# What are the least popular cars for Uber riders?



## Lookilooki (May 2, 2015)

I wonder if my older mid luxury car is getting lower ratings even though it's kept well and really clean. There's no door dings, lots of room, and smooth ride.

I might consider getting another car with better mpg.


----------



## Courageous (Sep 18, 2014)

Lookilooki said:


> I wonder if my older mid luxury car is getting lower ratings even though it's kept well and really clean. There's no door dings, lots of room, and smooth ride.
> 
> I might consider getting another car with better mpg.
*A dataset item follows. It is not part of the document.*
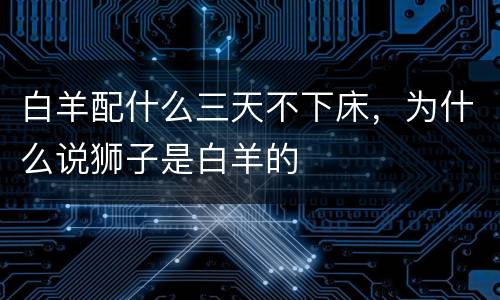 白羊配什么三天不下床，为什么说狮子是白羊的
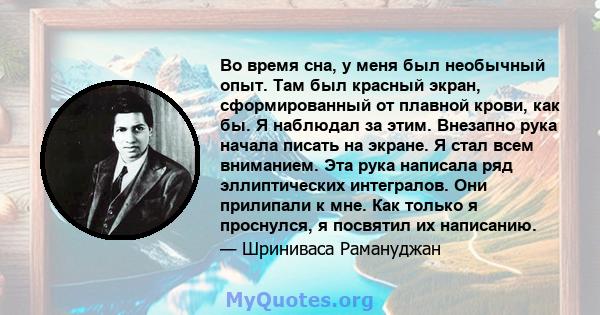 Во время сна, у меня был необычный опыт. Там был красный экран, сформированный от плавной крови, как бы. Я наблюдал за этим. Внезапно рука начала писать на экране. Я стал всем вниманием. Эта рука написала ряд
That is a conversation starter with a seasoned passenger. Ask their opinion. Based on comments I've heard from passengers, they will rate lower based on the car not meeting their personal preference. That sucks...but it is what it is. It's the rating system that needs to be tweaked. As long as vehicle is clean with no weird odors...your rating should not suffer....but it will if they don't like your vehicle model and/or year.


----------



## azndriver87 (Mar 23, 2015)

nissan juke lol


----------



## Lookilooki (May 2, 2015)

Yes Courageous I'm the original owner and it's clean with leather seats which I always have professionally cleaned and conditioned. The cabin air filter is changed regularly so no weird smells coming from the vents or anywhere really. I agree with you that everyone will have their own preferences and they will rate according to their taste. 

Asndriver87 I read your comments haha. You said your ratings are increasing? I like your car.


----------



## azndriver87 (Mar 23, 2015)

i started with an Acura TSX i got it for $9500. A lot of people loved it. when I first started, my rating plummted (4.5), because the cell phone GPS was taking me to alley roads/behind the houses. I switched over to conventional GPS and have less problems now. Afterwards my ratings increased (now at 4.7). And then I realized I was spending $25/night on gas (23mpg at premium gas).
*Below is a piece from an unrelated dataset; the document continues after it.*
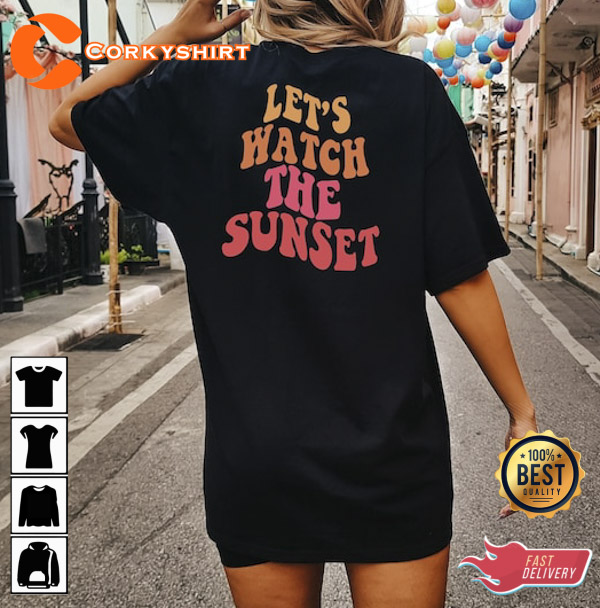 Let's Watch the Sunset Summer Vibes Tee Unisex T-Shirt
Then I traded in for a Prius Touring (leather package). now i only spend $5-10 on gas/night run


----------



## azndriver87 (Mar 23, 2015)

I said juke because there is a whole post about juke plummted rating due to the door handle.

I go out and beyond to get my 5 stars. Couple days ago some one left a notebook in my car, I drove back and give it to him.


----------



## Lookilooki (May 2, 2015)

Ah sorry for my confusion azndriver87. I remember now you switched to a Prius. I might go test drive one today. I haven't gotten to the point where I'm like "ok that's what I really want." Until then I will have to just eat the extra gas I have to spend.

That's great that you returned the notebook. Did they tip you?


----------



## UberXTampa (Nov 20, 2014)

azndriver87 said:


> i started with an Acura TSX i got it for $9500. A lot of people loved it. when I first started, my rating plummted (4.5), because the cell phone GPS was taking me to alley roads/behind the houses. I switched over to conventional GPS and have less problems now. Afterwards my ratings increased (now at 4.7). And then I realized I was spending $25/night on gas (23mpg at premium gas).
> 
> Then I traded in for a Prius Touring (leather package). now i only spend $5-10 on gas/night run


Sometimes pax don't tip you because you consume less gas in a Prius. you save a lot in gas, but already non-tipping Uber pax use that as an excuse to imply I am saving a lot relative to many other drivers they had prior. Like some idiots using escalade, hummer or something like a military tank for UberX. I tell them these people using such big cars as they describe are the rapists.


----------



## azndriver87 (Mar 23, 2015)

Lookilooki said:


> Ah sorry for my confusion azndriver87. I remember now you switched to a Prius. I might go test drive one today. I haven't gotten to the point where I'm like "ok that's what I really want." Until then I will have to just eat the extra gas I have to spend.
> 
> That's great that you returned the notebook. Did they tip you?


nah they didn't....

most people don't tip because uber promote "you don't need to tip the driver"


----------



## Huberis (Mar 15, 2015)

Lookilooki said:


> I wonder if my older mid luxury car is getting lower ratings even though it's kept well and really clean. There's no door dings, lots of room, and smooth ride.
> 
> I might consider getting another car with better mpg.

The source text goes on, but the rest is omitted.